◆ Given records ◆
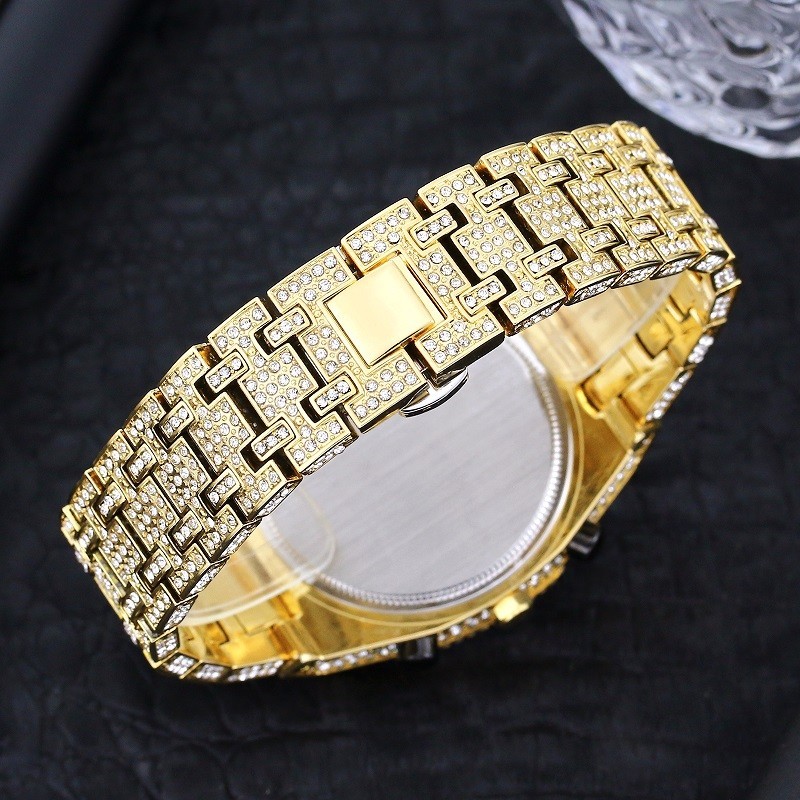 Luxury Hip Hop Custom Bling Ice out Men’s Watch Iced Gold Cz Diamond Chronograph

==

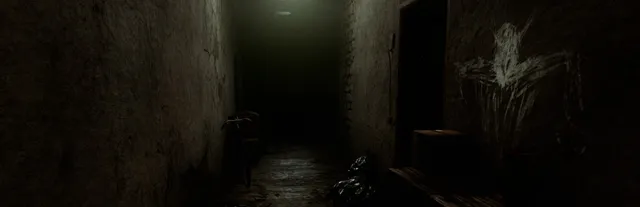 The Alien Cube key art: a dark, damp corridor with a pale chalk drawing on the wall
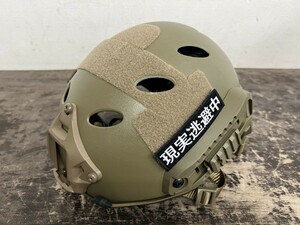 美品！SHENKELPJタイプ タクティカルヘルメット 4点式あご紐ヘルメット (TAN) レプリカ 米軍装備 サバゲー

◆ What you need to do ◆
In the listing above, find the line containing "The Alien Cube" and the line containing "美品！SHENKELPJタイプ タクティカルヘルメット 4点式あご紐ヘルメット", then write out both of them and every line between, exactly, with no pictures.

◆ Reply ◆
 The Alien Cube key art: a dark, damp corridor with a pale chalk drawing on the wall
 美品！SHENKELPJタイプ タクティカルヘルメット 4点式あご紐ヘルメット (TAN) レプリカ 米軍装備 サバゲー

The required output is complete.